Frankensnuggie!

December 20, 2009 on 8:28 pm | In Craftiness | 2 Comments

They just started selling Snuggies here in the UK, and holy crap they’re overpriced. It’s like £20. Not going to pay that kind of money, even if I had it. However, my house is cold. Not just slightly drafty. Frozen. So I’ve been dressing like a hobo just to keep from freezing, and a snuggie seems like a good idea. (My usual hanging around the house outfit is 2 long sleeve shirts and a sweatshirt, sweatpants, and a big fluffy skirt with thermal socks and slippers. And it’s still a little cold.)

I bought a fleece blanket from Ikea for £1.69. Then I got some cheap yarn from my stash (80p per ball when I bought it long ago). I knitted around and around in circles until I had some big floppy sleeves. Then I cut holes in the blanket and sewed the arms onto it. Thus is born Frankensnuggie. It is not pretty, but I am warm and I can still type.

Frankensnuggie

Let’s talk about Christmas.

September 9, 2009 on 11:14 am | In Computers and Web Stuff, Craftiness | No Comments

Okay, okay. You’re annoyed with me now. It’s only September and you’re being inundated with back-to-school and Halloween and the last thing you want to think about is Christmas. But I’m bringing it up now for a reason. Because handmade gifts take time, and you should start thinking about it now.

“Wait a minute!” you may be saying, “I never said I was going to make any Christmas gifts!” Why not? Making stuff is good for you and it’s fun. You may still be protesting. “I don’t have any artistic talent or time,” you may be saying. That’s okay too. You can buy handmade gifts.

Do some of your shopping this year at Etsy.com or one of the other online shops that sells hand crafted products from artists and artisans. Handmade gifts have less impact on the environment. They tend to be made with care. And they don’t cost as much as you think they do.

If every person in America just bought 3 handmade gifts this Christmas it could very possibly save small businesses and keep money flowing in the economy. If you buy from a small producer, more of the money goes back into the local economy than if you buy from a large chain store. Think about where the money goes in a chain store. It goes to advertising and high level executives and factories in the third world. Practically none of it ends up back in your own community.

If you don’t have the time or skill to make your own gifts this year, please consider buying handmade stuff. There are galleries and craft fairs in every town. There’s the “shop local” button on Etsy.

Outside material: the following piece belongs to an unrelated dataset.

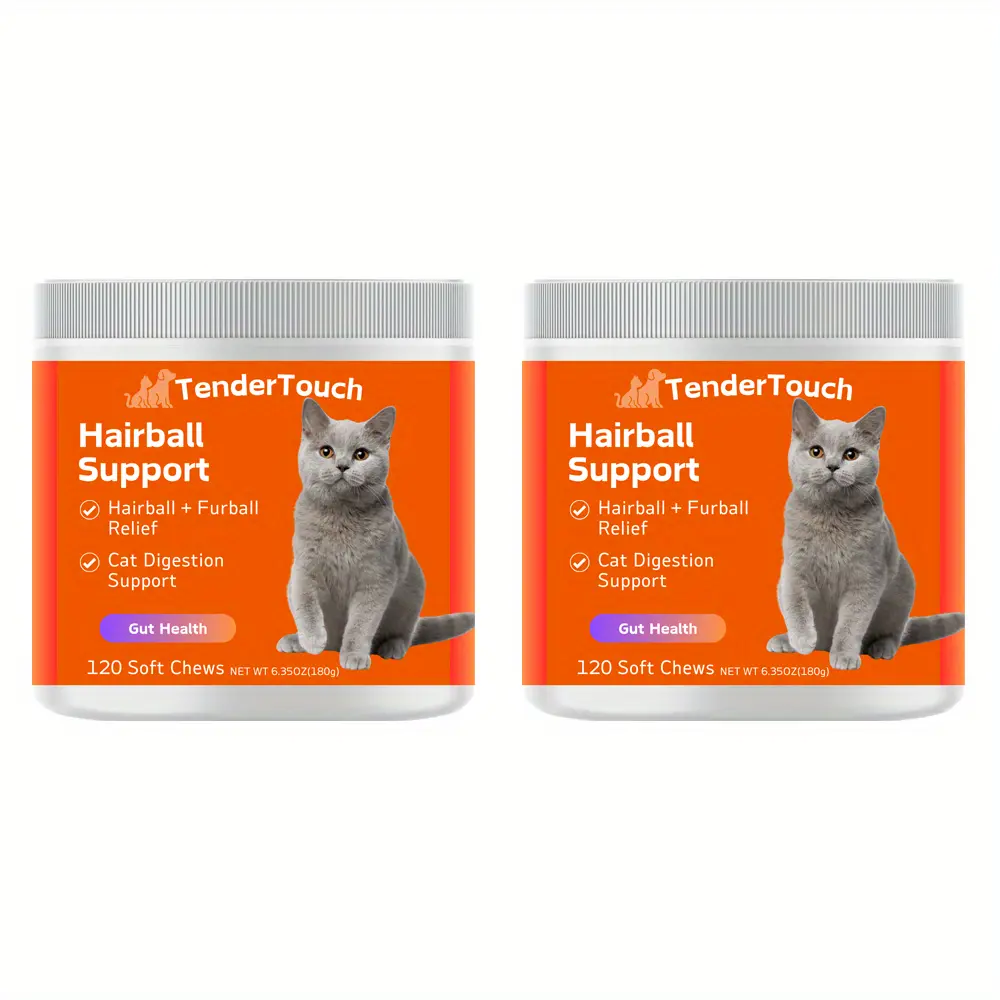 240 Chews - 2 Pack(2 x 180g/6.35oz) 360g/12.7oz - TenderTouch Cat Hairball Support Chews - Hairball Supoort Cat Treats, Supports Skin & Coat, Digestion, Cat Furball Support, Cat Vitamins & D-Biotin Supplements & Hairball , Supports Gut & Skin Health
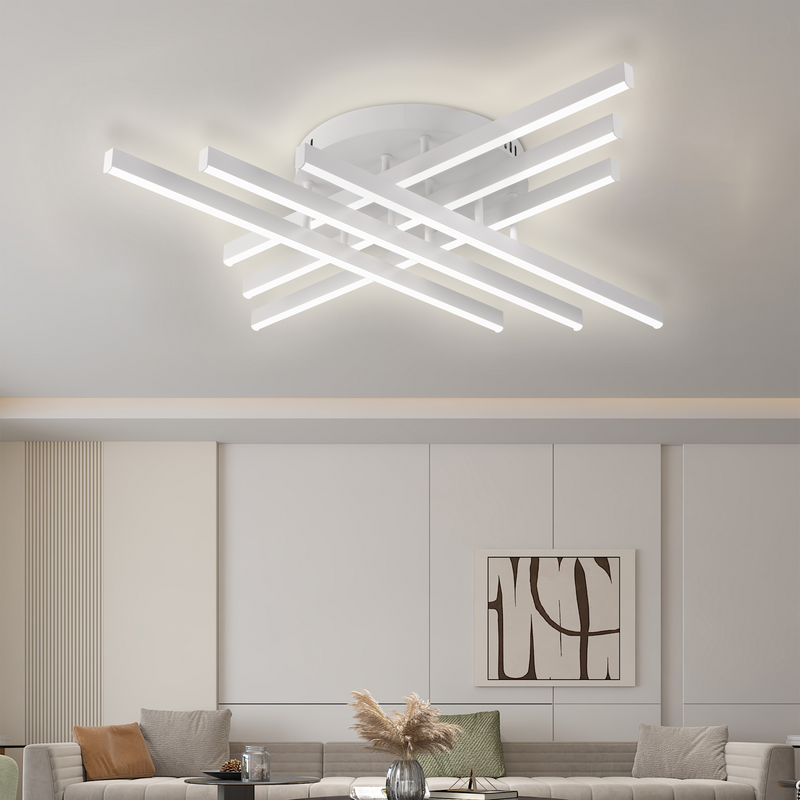 Lustra LED GIO, 82W, Lumina Rece/Clada/Neutra, Alb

If you look over in the sidebar on this blog, there’s a link to the Girlalive Wists. Wists is an online service where you can make a wish list from any shopping site on the internet. There are other services that do the same thing, so you can ask your friends to give you handmade things this Christmas.

Just something to think about.

Alana

Cheese

July 22, 2009 on 9:47 am | In Craftiness, Guinea Pigs and Hamster, Life In General, Recipes and Food | 3 Comments

My husband knows that I have a minor cheese obsession. I don’t honestly eat that much cheese, but I like to read about cheese. I have a collection of books about cheese varieties and cheese production. Here is an average conversation in my house:

Me: Maybe I should become a cheesemaker.
Husband: How are you gonna do that?
Me: I’ll buy a cow and then make cheese.
Husband: We don’t have room for a cow.
Me: Goats?
Husband: We don’t have room for goats either.
Me: What about hamsters? Hamsters have nipples.
Husband: You want to milk hamsters?
Me: It would take a while to get enough milk, but think of the premium price I could charge. I could be the world’s only producer of hamster cheese.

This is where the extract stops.